» **TO DO**: Please retype exactly the lines from the one containing "tenda a caduta, provvista" through the end of the records, leaving out the pictures.

---- DATASET RECORDS

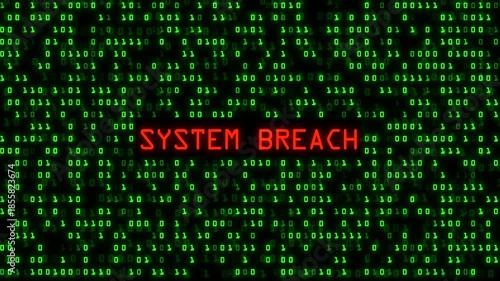 System Breach Glitch Text Animation. Green Digital Binary Code Matrix Background.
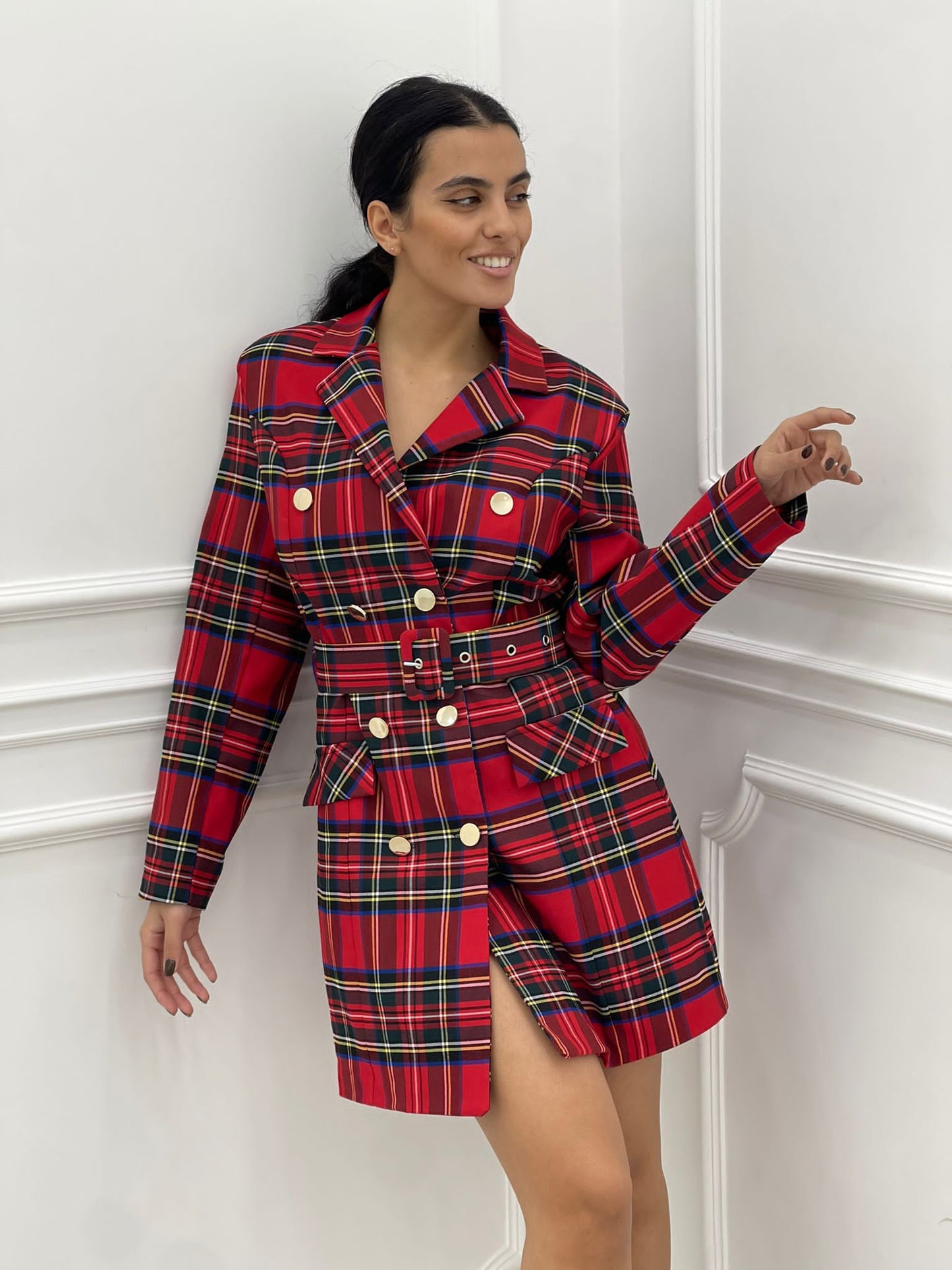 VESTITO MODELLO GIACCA IN TARTAN
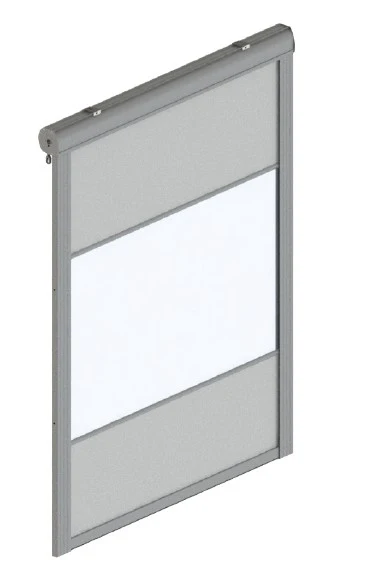 tenda a caduta, provvista di un telo in PVC con ampia finestra centrale e guide in alluminio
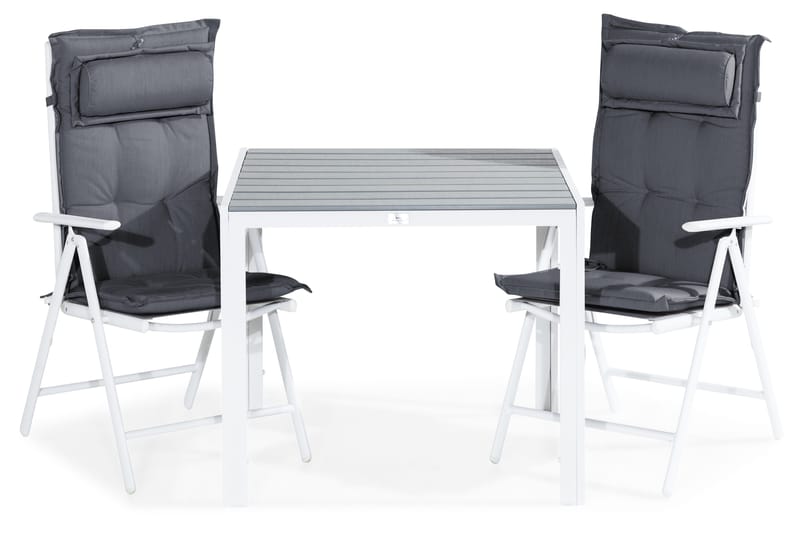 Tunis Spisegruppe 90x90 + 2 Maggie Posisjonsstol m Pute, Hvit/Grå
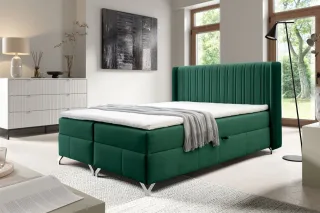 Boxspringbett Schlafzimmerbett DAMIEN 160x200cm Stoff Salvador Flaschengrün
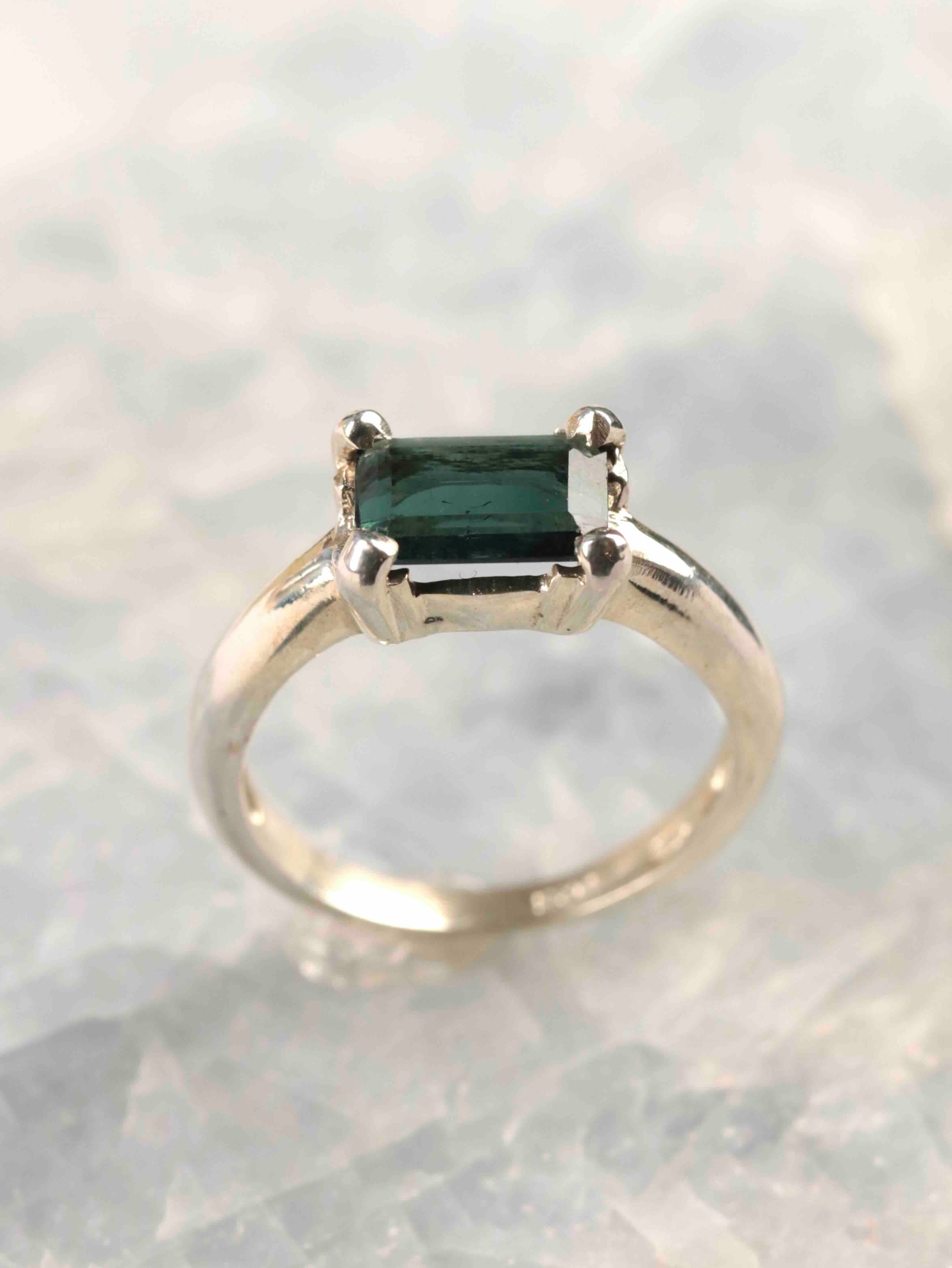 Bague Tourmaline Indigolite & Argent 925 | Intuition & Assurance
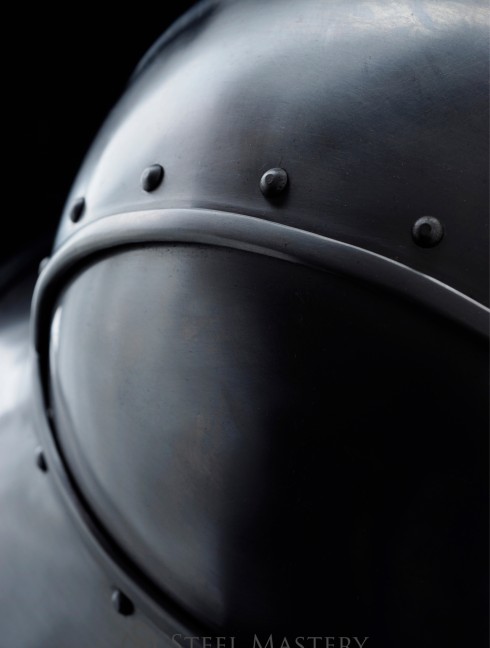 Chapel-de-fer with SCA grill Armure de plaques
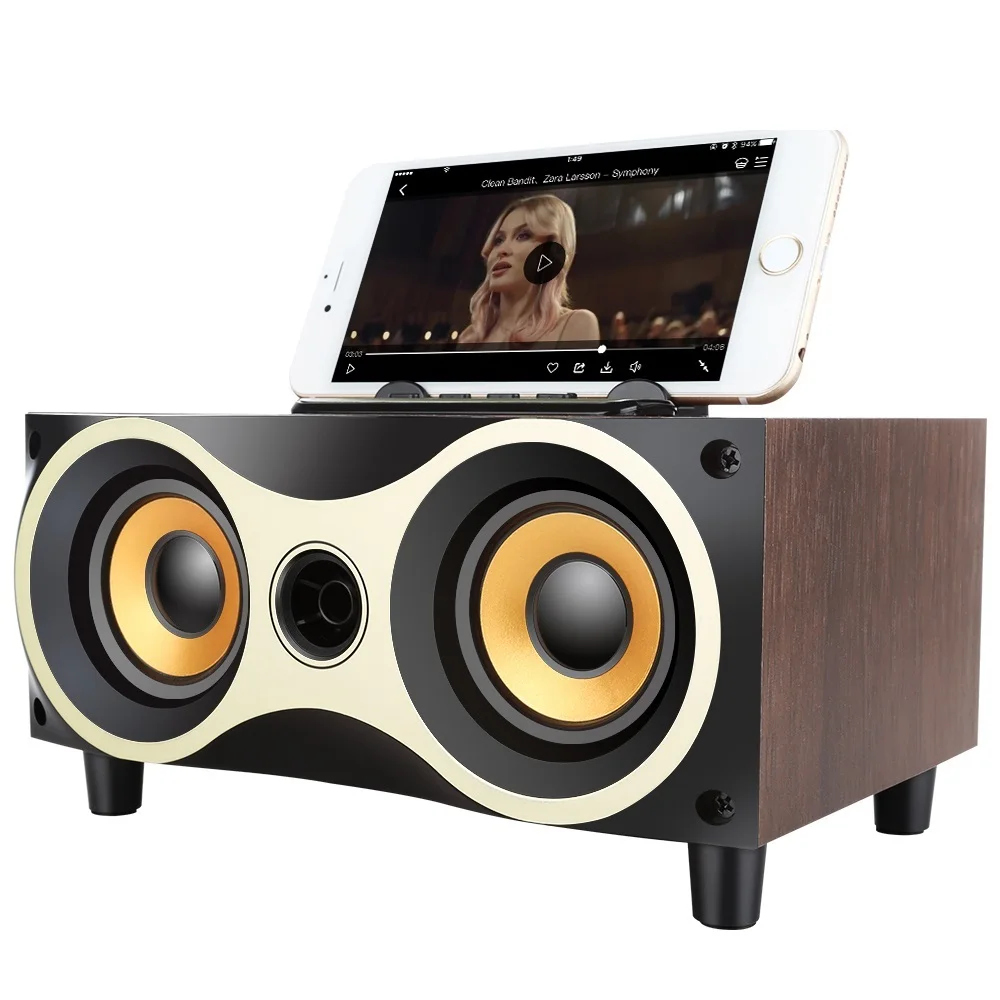 

New Wooden Wireless Bluetooth Speaker Subwoofer Stero Desktop Speakers Support FM Radio AUX U-disk MP3 caixa de som with MIC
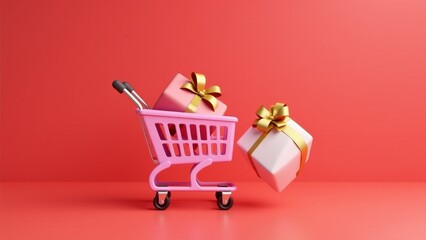 Pink Shopping Cart With Wrapped Gifts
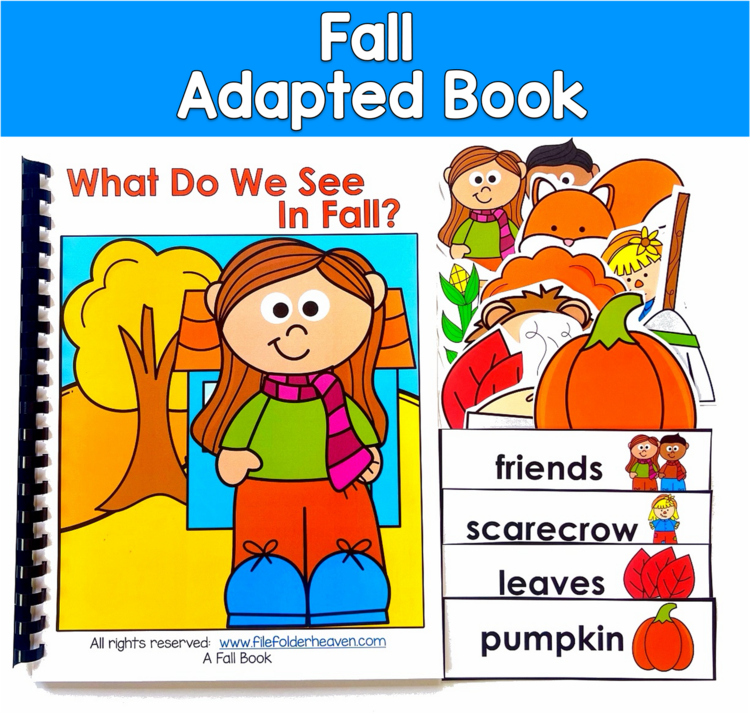 Fall Adapted Book | Verbs Inferencing | Core Words What & See | SLP SPED Autism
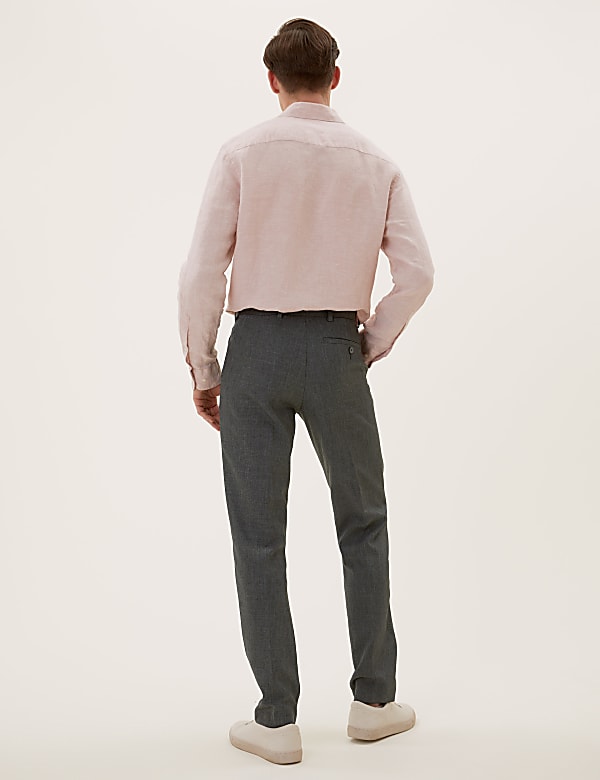 Slim Fit Flat Front Trousers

--------

» **ANSWER TO THIS PROBLEM**:
 tenda a caduta, provvista di un telo in PVC con ampia finestra centrale e guide in alluminio
 Tunis Spisegruppe 90x90 + 2 Maggie Posisjonsstol m Pute, Hvit/Grå
 Boxspringbett Schlafzimmerbett DAMIEN 160x200cm Stoff Salvador Flaschengrün
 Bague Tourmaline Indigolite & Argent 925 | Intuition & Assurance
 Chapel-de-fer with SCA grill Armure de plaques

New Wooden Wireless Bluetooth Speaker Subwoofer Stero Desktop Speakers Support FM Radio AUX U-disk MP3 caixa de som with MIC
 Pink Shopping Cart With Wrapped Gifts
 Fall Adapted Book | Verbs Inferencing | Core Words What & See | SLP SPED Autism
 Slim Fit Flat Front Trousers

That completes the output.